The Devil's Playground_ A Century of Pleasure and Profit in Times Square - James Traub [13]
The Olympia was situated squarely in terra incognita. At the time, the electric lights that ran up Broadway stopped at 42nd Street. The corner of 42nd and Broadway was already a bustling commercial area by the end of the century, thanks to the convergence of north–south and east–west trolley lines, as well as the Ninth Avenue el to the west; but the area north of 42nd consisted mostly of cheap boardinghouses, tenements, factories, whorehouses, and dance halls. The neighborhood would also have smelled very strongly of horse: with Central Park just to the north, the West Forties were full of stables and of shops that sold and repaired carriages. The area was popularly known as Longacre Square, after a similar district in London. The eastern side of Broadway, which then centered on the 71st Armory building, was known as the Thieves’ Lair.
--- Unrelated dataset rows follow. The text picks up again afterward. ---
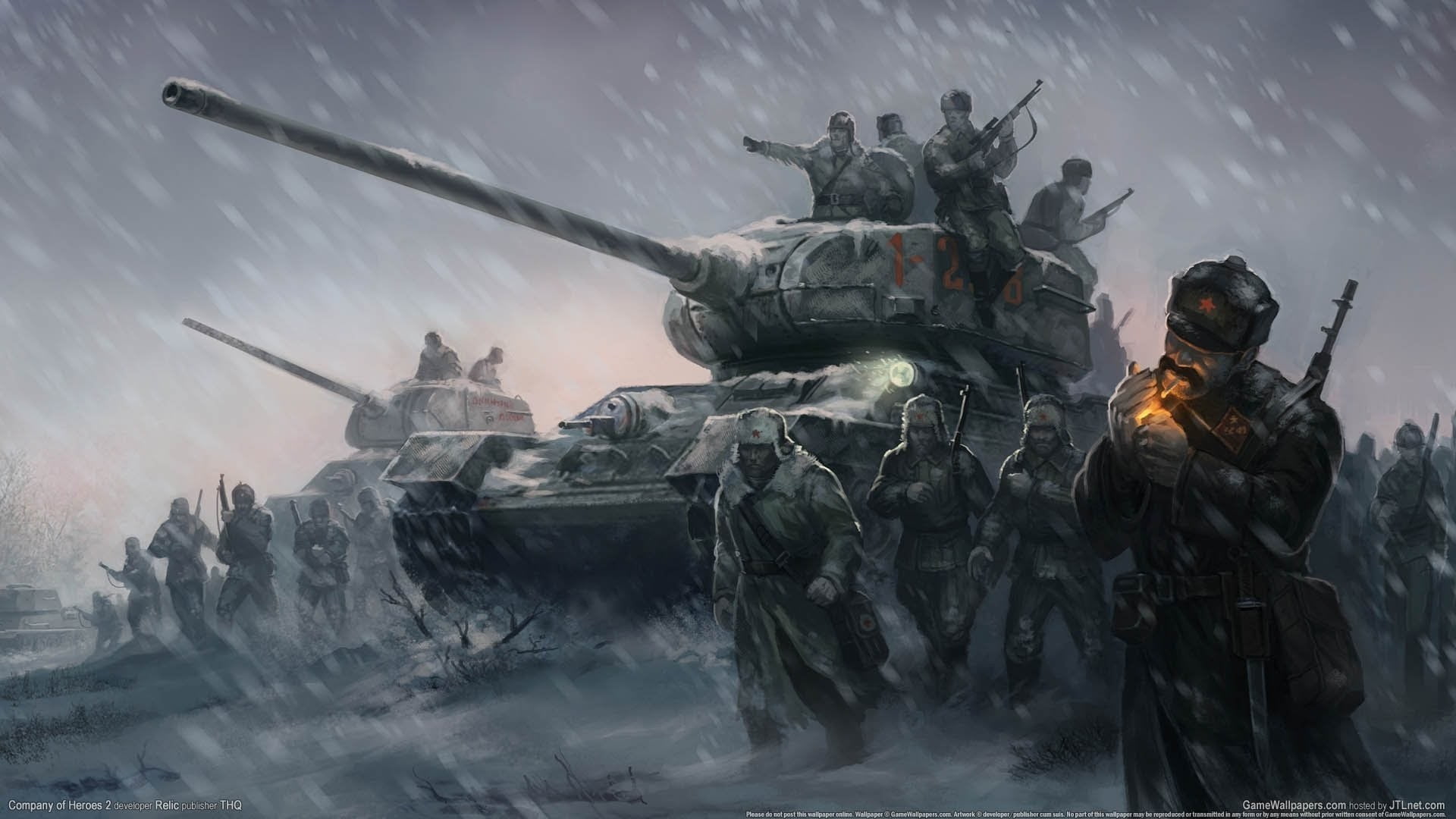 Soviet Soldiers in winter artwork, tank, red army, T-34-85, Company of Heroes 2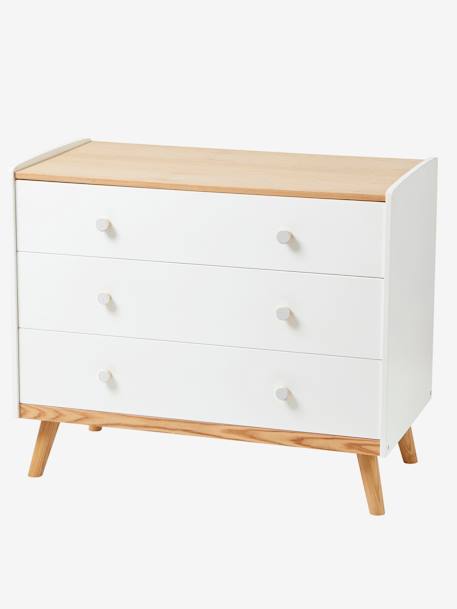 Commode avec poignées personnalisables LIGNE CONFETTI blanc+Vert - vertbaudet enfant 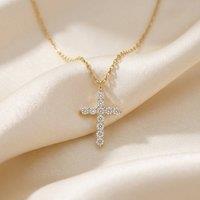 Harfi Women's 18ct Gold Plated Sparkling Cross Pendant Necklace | Size: 18 inches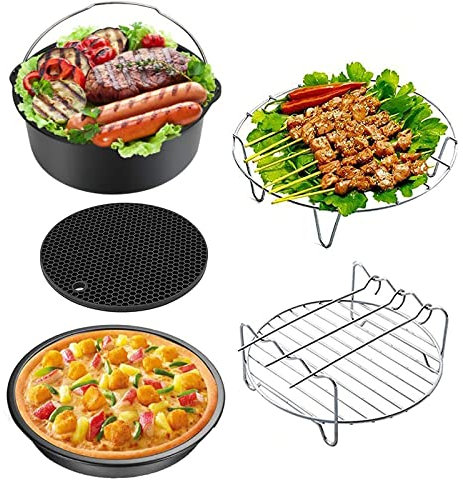 Air Fryer Lot de 5 accessoires pour friteuse Air Fryer Compatible avec 10,8 QT pour friteuse à air de 17,8 cm avec moule à gâteau rond antiadhésif, plaque à pizza, support en métal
Hammerstein’s Olympia—it was never just “the Olympia”—was a work of pharaonic ambition. The Music Hall had 124 boxes ascending in eleven tiers, while the Theatre had eighty-four boxes (more than the Metropolitan). The color schemes of the three houses were red and gold, blue and gold, and cream and gold. Hammerstein was said to have spent $600,000 on his folly. No theater opening had been so eagerly awaited in years, and that November night, Hammerstein had sold ten thousand tickets; unfortunately, the Olympia had only six thousand seats. So, half the crowd gained entrance, while the other half, in the first recorded fiasco in Times Square, “slid through the mud and slush of Longacre back into the ranks of Cosmopolis,” according to The New York Times. Later that evening, the crowd of swells, in crinoline and patent leather, formed themselves into a giant flying wedge and broke down the doors. It was not a good portent: Hammerstein had never really figured out how he could make back his immense investment, and within two years he had lost control of the Olympia; in 1898, he declared bankruptcy. But for Hammerstein, as for so many of the men who would come after him, disaster was a mere inconvenience; he bounced back almost as soon as he hit the pavement.
NEW YORK CITY in 1900 was, to a degree unimaginable today, the imperial capital of turn-of-the-century America. As J. P. Morgan and a handful of other New York financiers concentrated corporate power in their own hands, New York came to occupy the commanding heights of the emerging twentieth-century economy. By the early years of the century, 70 percent of corporate headquarters and 69 of the 185 trusts, or combines, being forged by Morgan and his colleagues were based in New York City; two-thirds of imports and two-fifths of exports flowed through its docks. Wall Street financed the growth of the nation’s railroads and industries—and, increasingly, those of other nations. New York became a city of millionaires as well as a magnet for the millionaires of the Chicago stockyards and the Colorado mines and the Texas oilfields.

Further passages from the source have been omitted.